What Is a Proxy Server?

Last Updated On October 27, 2021

You might be using a proxy server at your office, university, or on a Virtual Private Network (VPN). Server that sits between a client application, such as a Web browser, and a real server can be known as a proxy server. It acts as a gateway between you and the internet. Moreover it is a intermediary server separating end users from the websites they browse. Proxy intercepts all requests to check whether it can fulfill the request itself. If it can’t requests are forwarded to areal server.

What’s a Proxy Server?

A proxy server creates a gateway between you and the internet. It’s an intermediary server that sits between end users and the websites they browse. When users make requests to web sites and services on the Internet, the proxy server intercepts those requests and then communicates with web servers on behalf of those users, by acting as a middleman.

Purpose of a Proxy Server

Improve Performance

In proxy servers there is a mechanism of saving results of all requests for a certain time. Therefore proxies dramatically improve the performance of user that connected to it. As an example consider a situation where user X reading a Medium article through a proxy server. And after some times another user Y is also going to read the same medium article through the same proxy server. Instead of forwarding request of user Y to the server, which is a time consuming operation, proxy server returns the previously fetched page for user X.

Filter Requests

Filtering user requests can be achieved via proxy servers. Think that your university wants to prevent downloading torrents using the Wi-fi network of the university. So achieve this requirement network administrators can filter the requests that are related to torrent sites.

Types of proxy servers

You know that all proxies help you access websites. But you might not heard about proxies can be categorized according to the way that they behave in operation. A proxy can be categorized into one of four:

  • Transparent proxy. Although this is a proxy server it tells websites that it is a proxy server and it will pass along your IP address anyway.
  • Anonymous proxy. Here it identifies itself as a proxy, but it won’t pass your IP address to the website.
  • Distorting proxy. It passes along an incorrect IP address for you, while identifying itself as a proxy.
  • High Anonymity proxy. The proxy and your IP address stay a secret. Here proxy provides a random IP address that is not your’s to the website that you connect.
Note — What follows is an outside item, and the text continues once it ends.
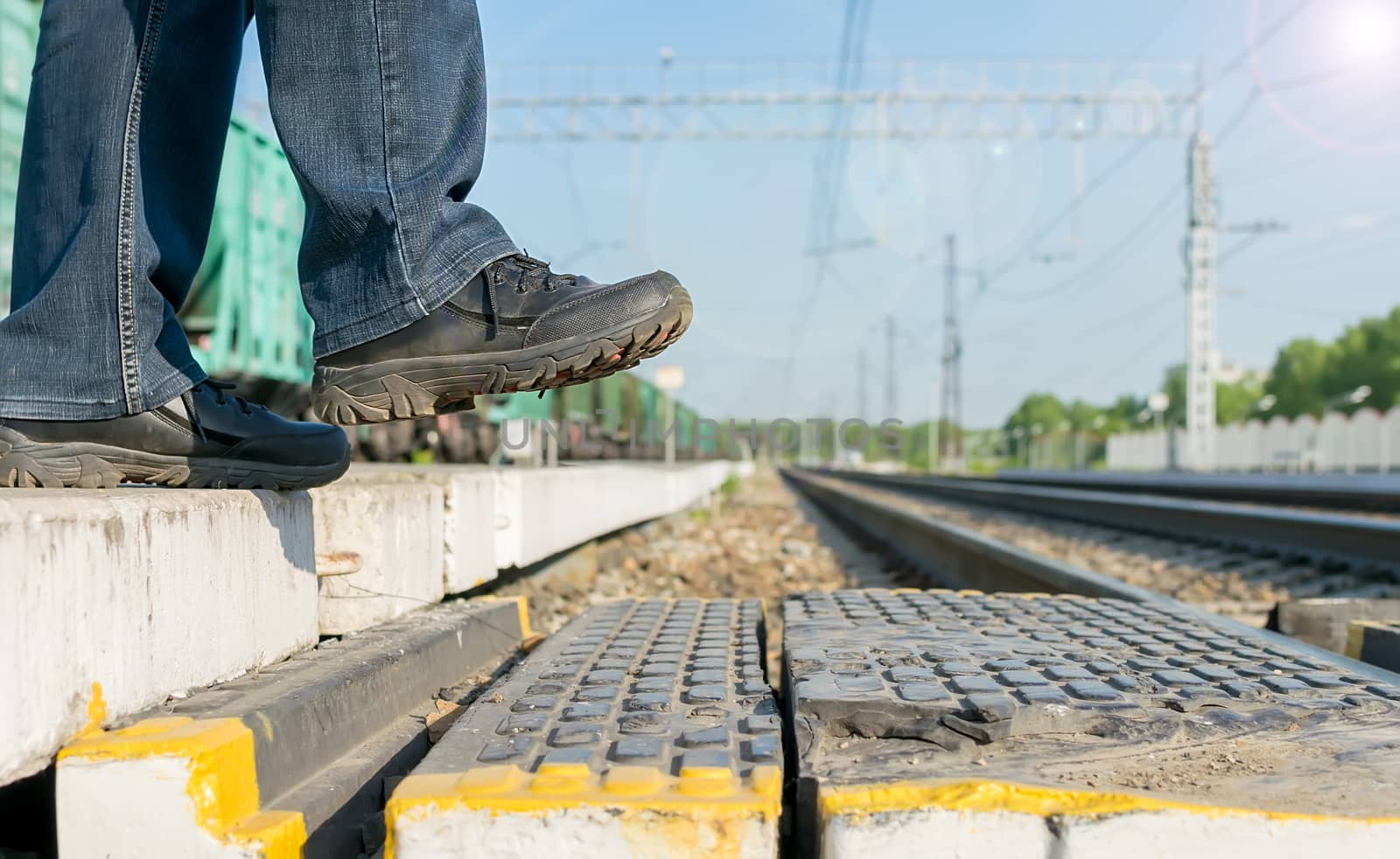 Pedestrian's feet step on a pedestrian crossing through the rails at the railway station on the background of freight cars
Why you might want to use a proxy.

Here are the situations where you can use a proxy server.

  • Your university or school blocks access to certain websites and a student wants to access that.
  • Your government blocks social medias or websites and you need to bypass the restrictions.
  • You want to search something online that interests you. but if you think that there is a risk , they might be traced back to your IP address and your location.
  • You might want to post comments on a websites, but you do not want your expose your IP address to those websites.

What is a reverse proxy?

A reverse proxy is a server that sits in front of web servers and forwards client (e.g. web browser) requests to those web servers. Reverse proxies are typically implemented to help increase security, performance, and reliability. The difference between a normal proxy and reverse proxy is, where normal proxy sits in front of the clients and in reverse proxy, when users send requests to the origin server of a website, those requests are intercepted before reaching the origin server by the reverse proxy server. Then it send requests to origin server and receive the responses.

You can find lots of proxy servers easily for free, but remember you might have to face risks with any free service. Typically these free proxies may not be as safe or secure as you hope it would be.